(Given data)

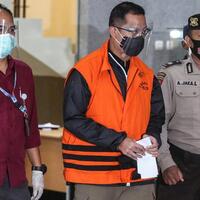 contoh-tindakan-tercela-yang-dilakukan-oleh-oknum-orang-berjabatan-baik-apa-saja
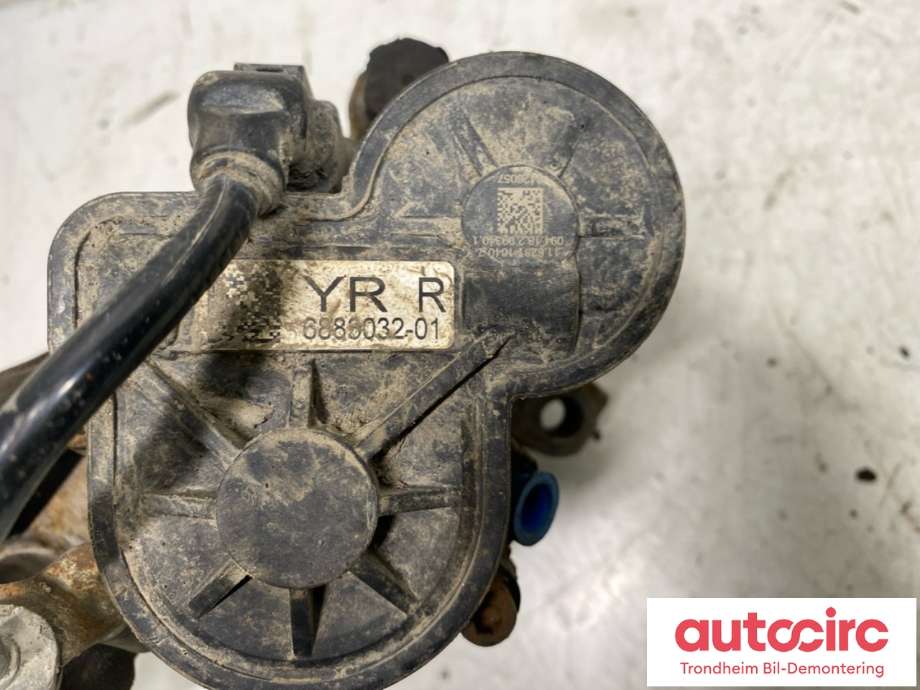 Bremsecaliper høyre bak, elektrisk til Mini Countryman 2017-2023 (F60) (F60) (34 20 6 883 034|)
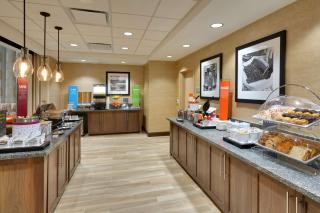 Hampton Inn & Suites Rexburg - 1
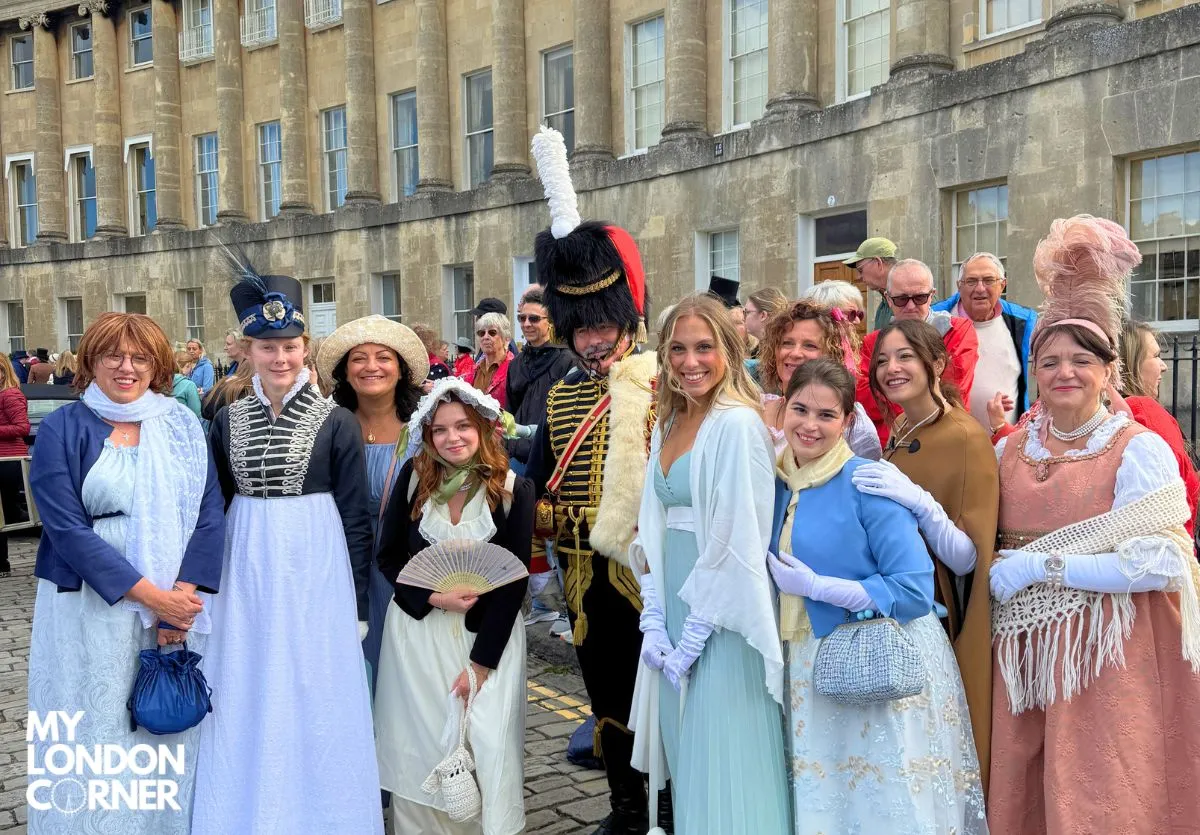 Donne vestite in abiti Regency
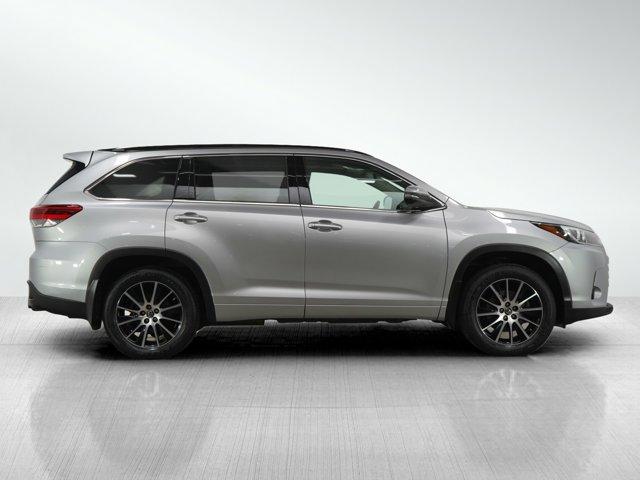 used 2018 Toyota Highlander car, priced at $21,997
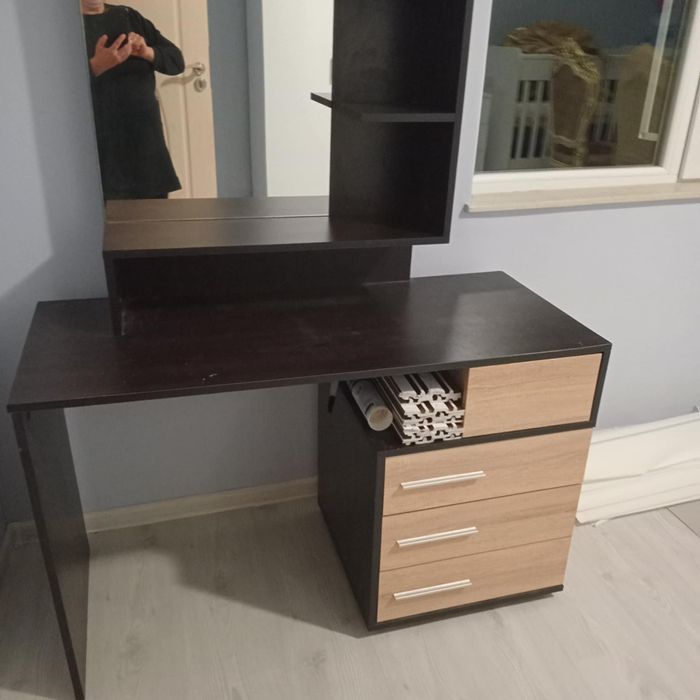 Нощно шкафче за спалня или хол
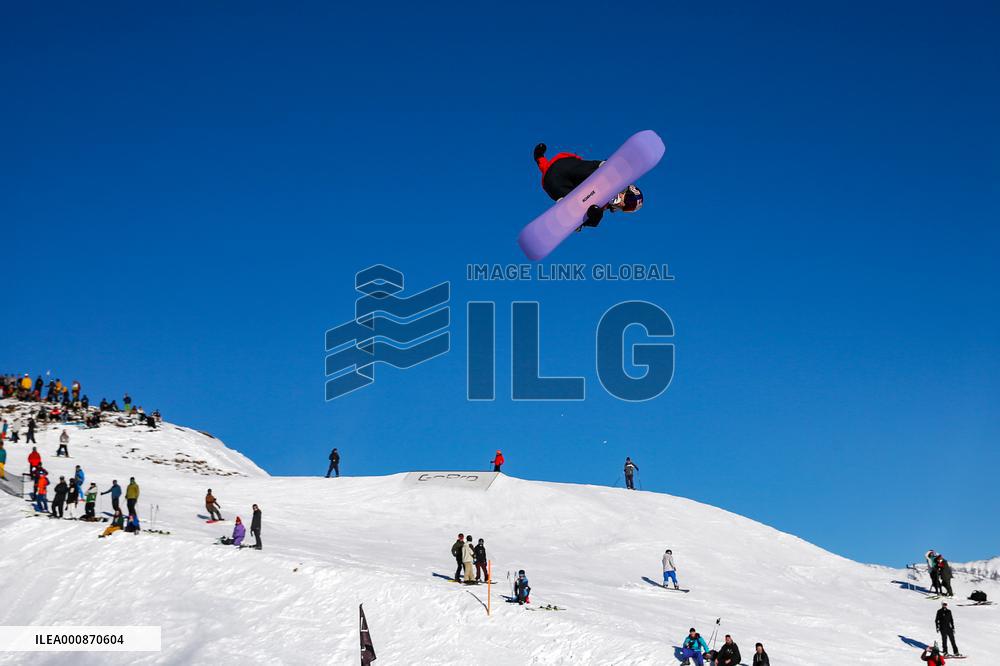 (SP)SWITZERLAND-LAAX-SNOWBOARD WORLD CUP-SLOPESTYLE SEMIFINAL
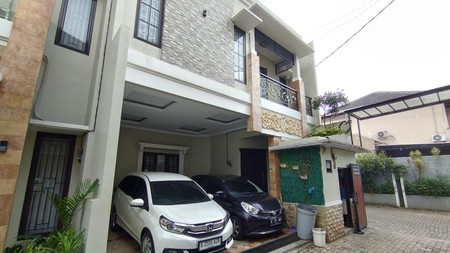 Rumah secondary dengan lingkungan townhouse yg tenang, aman, nyaman daerah Kebagusan dan Jagakarsa. 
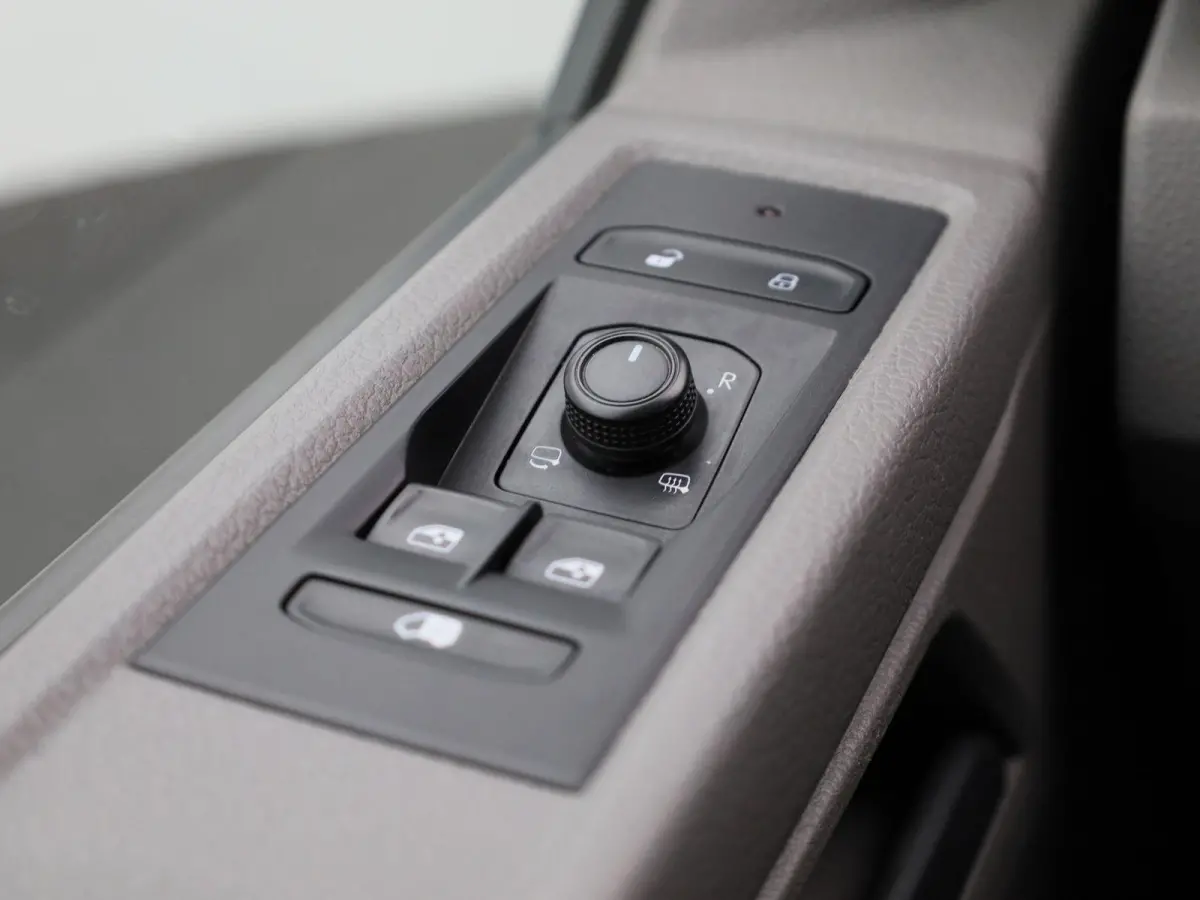 2.0 TDI L1H1 150PK | Automaat | Airco | DAB+ | Achteruitrijcamera | App-Connect | Cruise Control | Parkeersensoren Achter | Multifunctioneel Stuurwiel |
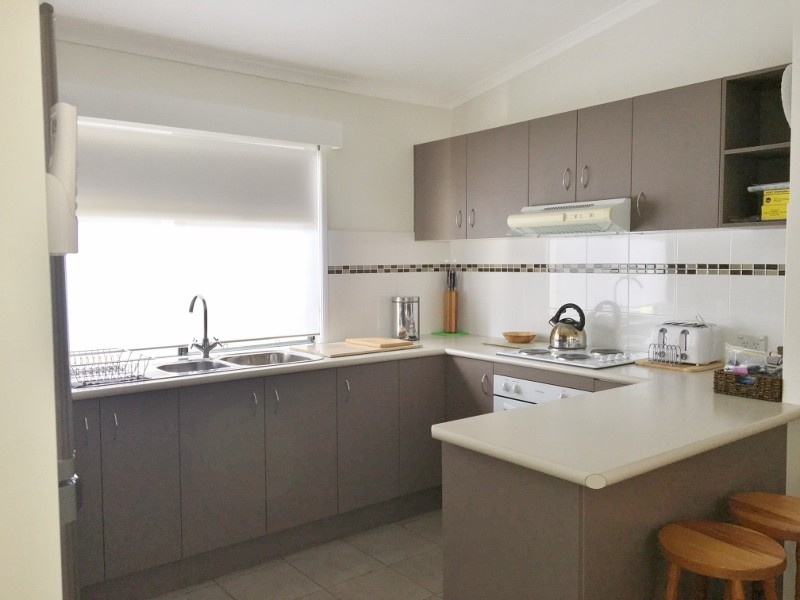 2/1a Gordon Close, Anna Bay NSW 2316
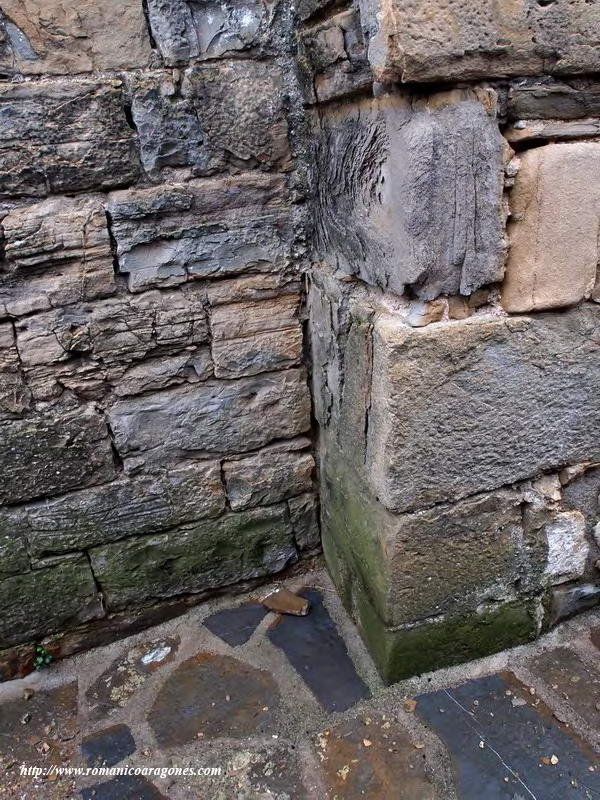 MURO DEL TEMPLO, SEPARADO DE LA TORRE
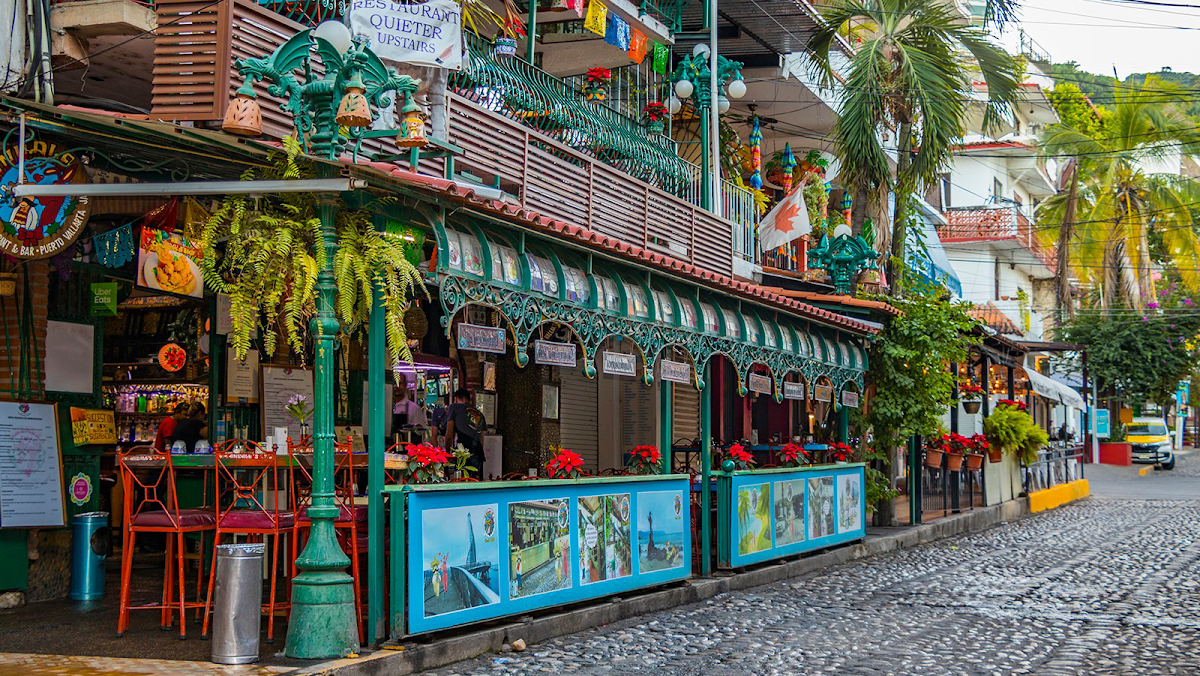 Andale's Restaurant & Bar in puerto-vallarta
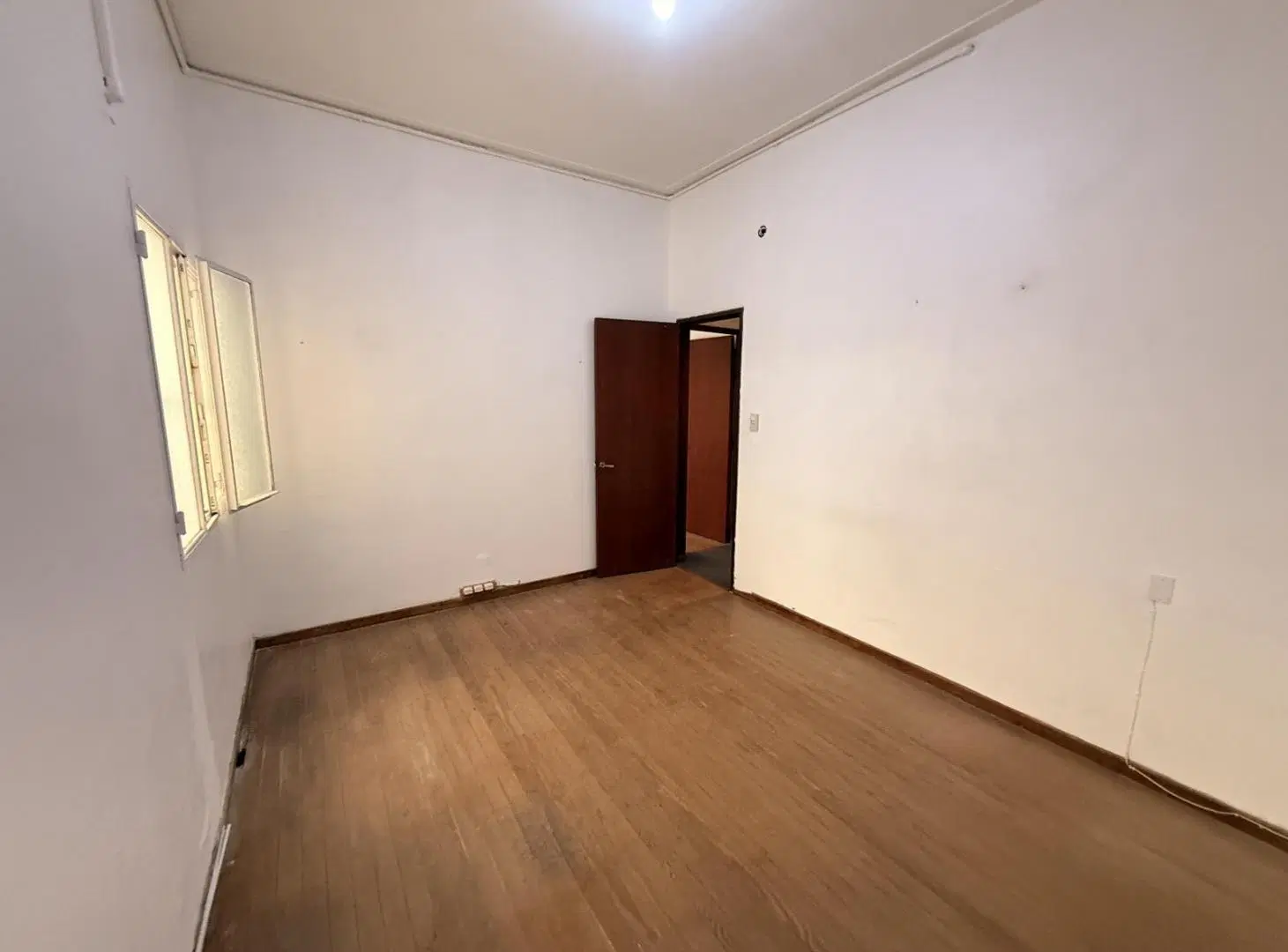 PH en venta con cochera y jardin cercano avenida 60 4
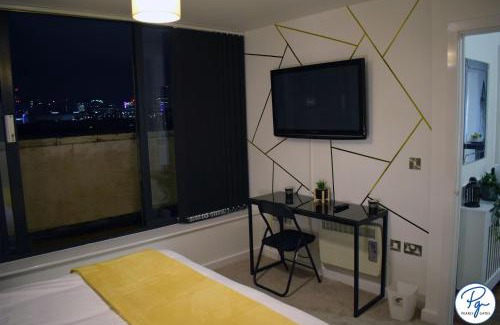 Bordesley Apartment | Penthouse - Amazing City Skyline Views - Balcony - FREE extra 2 hours - FREE Parking - Utilita Arena - Bullring Shopping - New St Station- Super King Size Bed
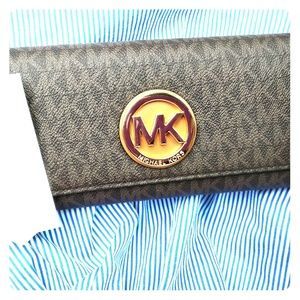 Michael Kors wallet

(End Given data)

**Exercise instructions**
Now transcribe the lines above exactly, starting at the line containing "Bremsecaliper høyre bak, elektrisk" and ending at the line containing "2/1a Gordon Close, Anna Bay NSW 2316", both lines included, pictures excluded.

**Result**
 Bremsecaliper høyre bak, elektrisk til Mini Countryman 2017-2023 (F60) (F60) (34 20 6 883 034|)
 Hampton Inn & Suites Rexburg - 1
 Donne vestite in abiti Regency
 used 2018 Toyota Highlander car, priced at $21,997
 Нощно шкафче за спалня или хол
 (SP)SWITZERLAND-LAAX-SNOWBOARD WORLD CUP-SLOPESTYLE SEMIFINAL
 Rumah secondary dengan lingkungan townhouse yg tenang, aman, nyaman daerah Kebagusan dan Jagakarsa. 
 2.0 TDI L1H1 150PK | Automaat | Airco | DAB+ | Achteruitrijcamera | App-Connect | Cruise Control | Parkeersensoren Achter | Multifunctioneel Stuurwiel |
 2/1a Gordon Close, Anna Bay NSW 2316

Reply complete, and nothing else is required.